2020-09-17 Thread Jinwei Zhang
Dear Colleagues,

I am looking for a new member to join our group at the Laboratory of Molecular 
Biology at NIDDK, in NIH’s main campus in Bethesda, MD, USA. Set in an exciting 
and burgeoning field, the lab explores novel structures, mechanisms and 
interactions of large noncoding RNAs in bacterial, viral and eukaryotic gene 
regulation, stress response and antiviral immunity.

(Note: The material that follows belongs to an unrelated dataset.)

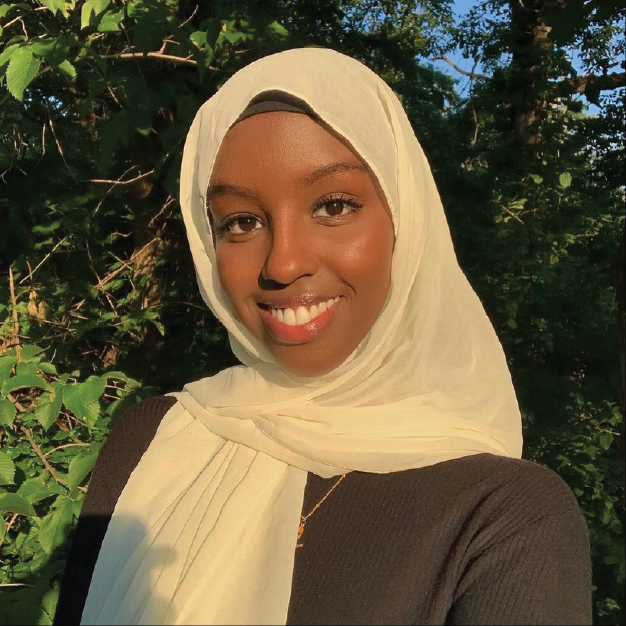 Photo of Wasima Farah, Somali artist wearing a white hijab.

We employ multidisciplinary tools such as X-ray crystallography, 
single-particle Cryo-EM, small-angle X-ray scattering, fluorescence 
spectroscopy, chemical biology, and many other biochemical and biophysical 
tools. If you are interested or know of a suitable candidate, please contact me 
at jinwei.zh...@nih.gov. Detailed ad is below.

Thank you,
-Jinwei

Position Description: 

A postdoctoral position is available in the Structural Biology of Noncoding 
RNAs and Ribonucleoproteins Section, Laboratory of Molecular Biology (LMB), 
NIDDK, in NIH’s vibrant main campus in Bethesda, MD near Washington DC. The lab 
addresses a widening gap between the accelerated discovery and functional 
description of the noncoding transcriptome, and the lack of structural and 
mechanistic understanding of complex noncoding RNAs and RNPs. We seek a new 
member to join our diverse group to study gene-regulatory riboswitches, highly 
structured viral RNAs, long noncoding and circular RNAs and their RNP 
complexes. See https://www-mslmb.niddk.nih.gov/zhang/zhanglab.html for details.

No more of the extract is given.